*EXERCISE PROMPT:* Without altering a single character, set down all of the data below.

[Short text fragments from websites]
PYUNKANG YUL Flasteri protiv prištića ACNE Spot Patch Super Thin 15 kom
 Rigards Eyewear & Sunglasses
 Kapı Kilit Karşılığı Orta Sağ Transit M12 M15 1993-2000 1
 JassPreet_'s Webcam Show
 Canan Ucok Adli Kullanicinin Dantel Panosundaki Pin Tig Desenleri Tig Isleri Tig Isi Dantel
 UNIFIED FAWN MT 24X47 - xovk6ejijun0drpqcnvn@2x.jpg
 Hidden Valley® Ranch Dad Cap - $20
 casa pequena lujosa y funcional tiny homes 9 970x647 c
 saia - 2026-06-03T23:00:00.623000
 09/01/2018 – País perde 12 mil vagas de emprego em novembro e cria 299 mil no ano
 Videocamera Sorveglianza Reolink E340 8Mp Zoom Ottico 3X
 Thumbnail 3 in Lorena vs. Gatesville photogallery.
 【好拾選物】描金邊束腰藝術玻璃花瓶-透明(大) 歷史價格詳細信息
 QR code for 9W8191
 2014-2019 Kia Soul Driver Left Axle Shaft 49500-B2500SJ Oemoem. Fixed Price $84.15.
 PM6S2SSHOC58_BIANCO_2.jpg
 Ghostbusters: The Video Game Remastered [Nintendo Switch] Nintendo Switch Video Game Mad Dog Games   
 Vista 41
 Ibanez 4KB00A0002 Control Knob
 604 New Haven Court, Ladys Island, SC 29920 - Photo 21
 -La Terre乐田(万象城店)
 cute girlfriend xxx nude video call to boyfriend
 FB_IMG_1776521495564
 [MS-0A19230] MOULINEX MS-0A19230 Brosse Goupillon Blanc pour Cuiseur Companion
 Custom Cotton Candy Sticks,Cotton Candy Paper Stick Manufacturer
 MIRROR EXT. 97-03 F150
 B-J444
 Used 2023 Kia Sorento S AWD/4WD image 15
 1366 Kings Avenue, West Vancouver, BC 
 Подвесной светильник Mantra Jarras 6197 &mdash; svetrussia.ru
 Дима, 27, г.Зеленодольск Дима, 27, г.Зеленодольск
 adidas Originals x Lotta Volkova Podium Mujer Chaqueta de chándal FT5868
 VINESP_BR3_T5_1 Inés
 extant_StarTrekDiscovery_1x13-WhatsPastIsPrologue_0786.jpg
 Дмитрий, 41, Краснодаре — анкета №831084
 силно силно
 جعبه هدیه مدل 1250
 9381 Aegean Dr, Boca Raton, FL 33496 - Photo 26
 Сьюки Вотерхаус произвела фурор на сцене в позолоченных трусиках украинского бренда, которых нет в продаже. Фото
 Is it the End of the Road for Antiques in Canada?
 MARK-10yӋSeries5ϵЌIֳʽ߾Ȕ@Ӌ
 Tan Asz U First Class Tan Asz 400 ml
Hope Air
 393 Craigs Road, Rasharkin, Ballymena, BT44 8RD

*ANSWER:*
PYUNKANG YUL Flasteri protiv prištića ACNE Spot Patch Super Thin 15 kom
 Rigards Eyewear & Sunglasses
 Kapı Kilit Karşılığı Orta Sağ Transit M12 M15 1993-2000 1
 JassPreet_'s Webcam Show
 Canan Ucok Adli Kullanicinin Dantel Panosundaki Pin Tig Desenleri Tig Isleri Tig Isi Dantel
 UNIFIED FAWN MT 24X47 - xovk6ejijun0drpqcnvn@2x.jpg
 Hidden Valley® Ranch Dad Cap - $20
 casa pequena lujosa y funcional tiny homes 9 970x647 c
 saia - 2026-06-03T23:00:00.623000
 09/01/2018 – País perde 12 mil vagas de emprego em novembro e cria 299 mil no ano
 Videocamera Sorveglianza Reolink E340 8Mp Zoom Ottico 3X
 Thumbnail 3 in Lorena vs. Gatesville photogallery.
 【好拾選物】描金邊束腰藝術玻璃花瓶-透明(大) 歷史價格詳細信息
 QR code for 9W8191
 2014-2019 Kia Soul Driver Left Axle Shaft 49500-B2500SJ Oemoem. Fixed Price $84.15.
 PM6S2SSHOC58_BIANCO_2.jpg
 Ghostbusters: The Video Game Remastered [Nintendo Switch] Nintendo Switch Video Game Mad Dog Games   
 Vista 41
 Ibanez 4KB00A0002 Control Knob
 604 New Haven Court, Ladys Island, SC 29920 - Photo 21
 -La Terre乐田(万象城店)
 cute girlfriend xxx nude video call to boyfriend
 FB_IMG_1776521495564
 [MS-0A19230] MOULINEX MS-0A19230 Brosse Goupillon Blanc pour Cuiseur Companion
 Custom Cotton Candy Sticks,Cotton Candy Paper Stick Manufacturer
 MIRROR EXT. 97-03 F150
 B-J444
 Used 2023 Kia Sorento S AWD/4WD image 15
 1366 Kings Avenue, West Vancouver, BC 
 Подвесной светильник Mantra Jarras 6197 &mdash; svetrussia.ru
 Дима, 27, г.Зеленодольск Дима, 27, г.Зеленодольск
 adidas Originals x Lotta Volkova Podium Mujer Chaqueta de chándal FT5868
 VINESP_BR3_T5_1 Inés
 extant_StarTrekDiscovery_1x13-WhatsPastIsPrologue_0786.jpg
 Дмитрий, 41, Краснодаре — анкета №831084
 силно силно
 جعبه هدیه مدل 1250
 9381 Aegean Dr, Boca Raton, FL 33496 - Photo 26
 Сьюки Вотерхаус произвела фурор на сцене в позолоченных трусиках украинского бренда, которых нет в продаже. Фото
 Is it the End of the Road for Antiques in Canada?
 MARK-10yӋSeries5ϵЌIֳʽ߾Ȕ@Ӌ
 Tan Asz U First Class Tan Asz 400 ml
Hope Air
 393 Craigs Road, Rasharkin, Ballymena, BT44 8RD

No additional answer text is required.